(PROVIDED MATERIAL):
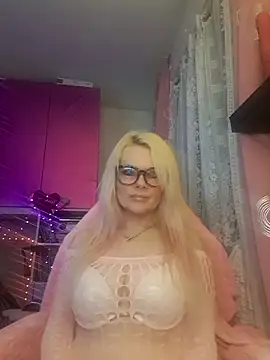 Snapshot of Angeldevilus chatting on February 10, 11:13 pm Angeldevilus online show from February 10, 11:13 pm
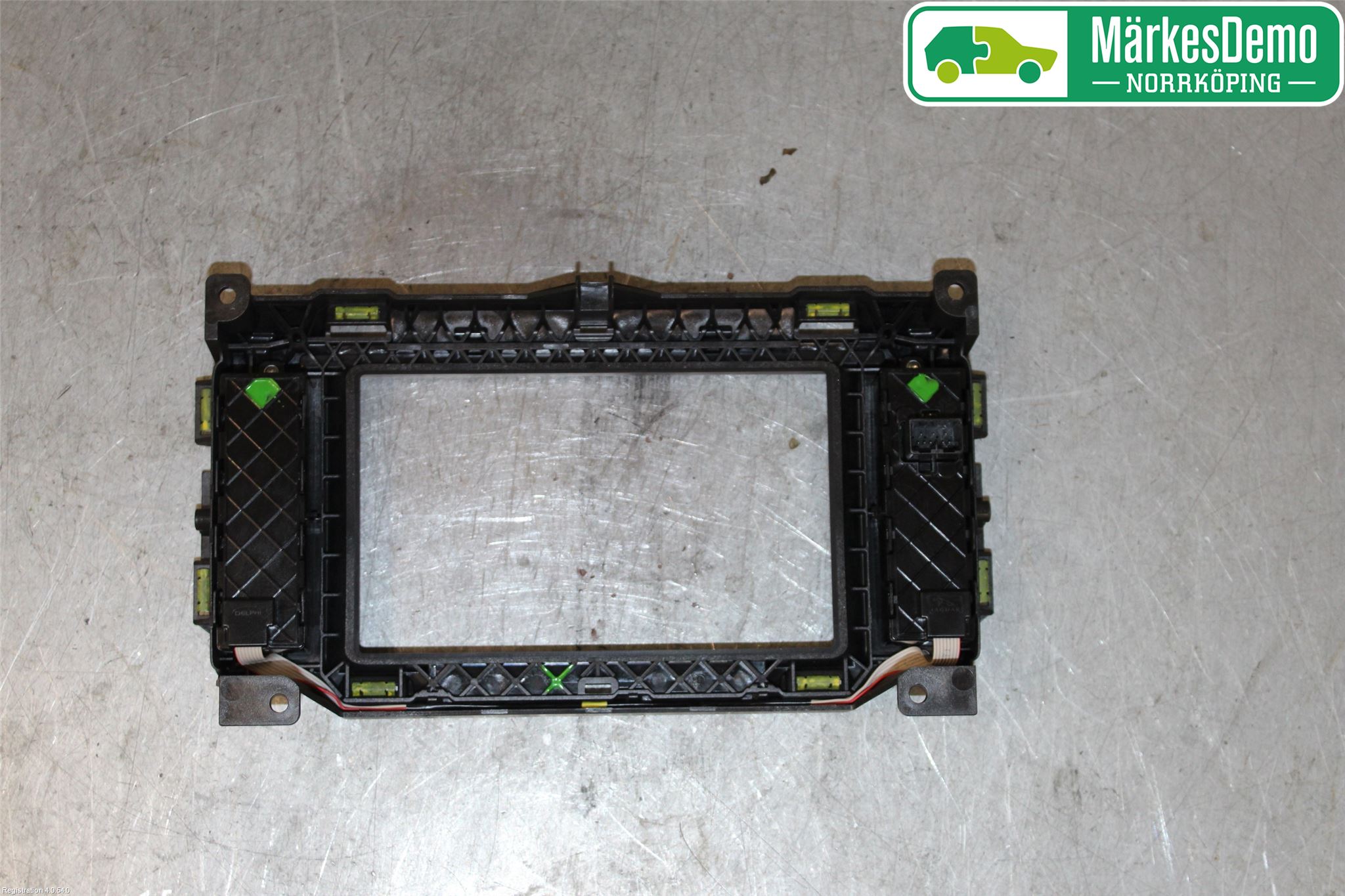 Jaguar XE (X760) 15-24 Instrument-Radio Sarg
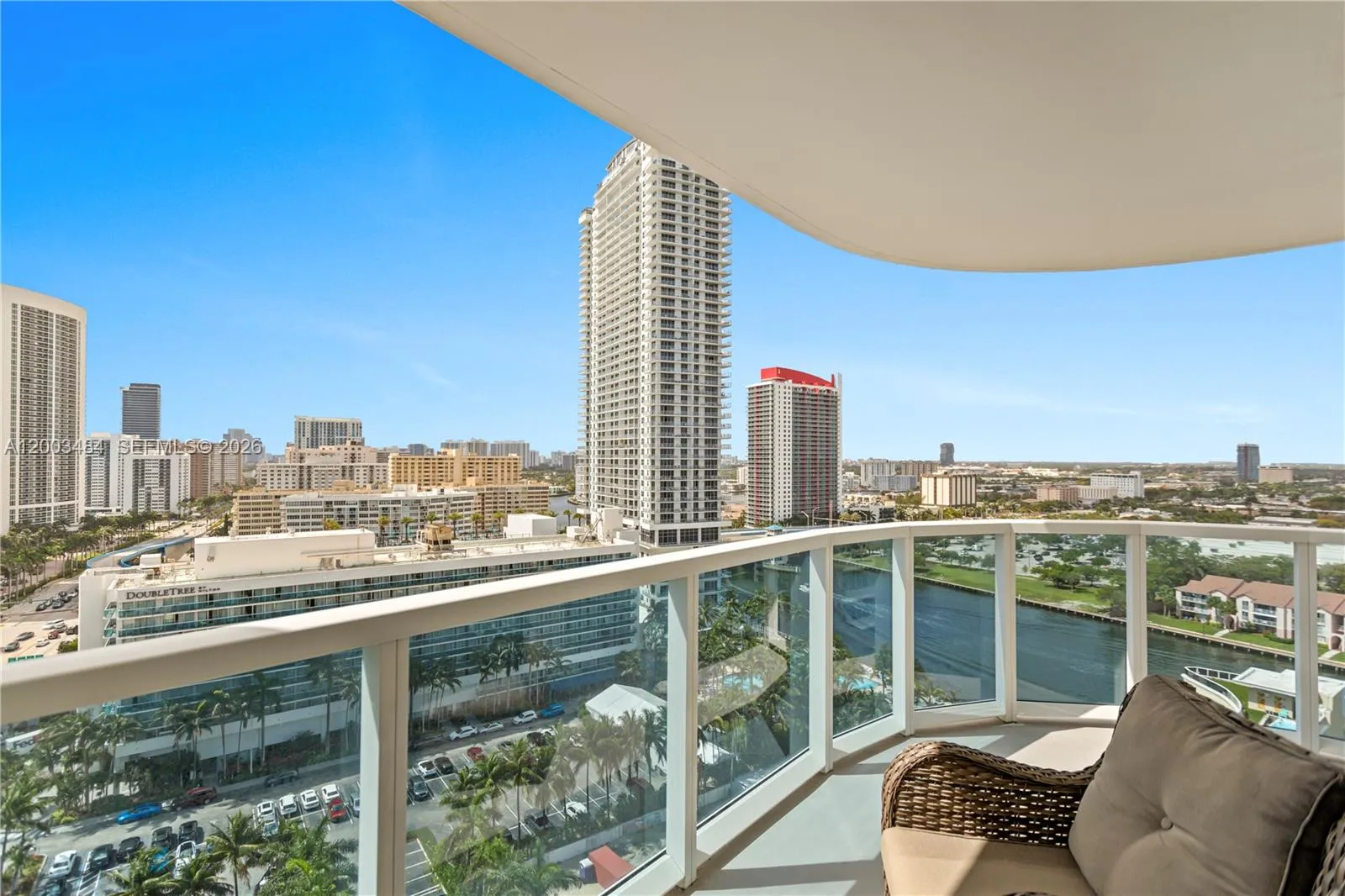 3800 S Ocean Dr # 1812, Hollywood FL 33019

(WORK TO COMPLETE): Would you give the data above again word for word, minus the pictures?

(EXPECTED ANSWER):
 Snapshot of Angeldevilus chatting on February 10, 11:13 pm Angeldevilus online show from February 10, 11:13 pm
 Jaguar XE (X760) 15-24 Instrument-Radio Sarg
 3800 S Ocean Dr # 1812, Hollywood FL 33019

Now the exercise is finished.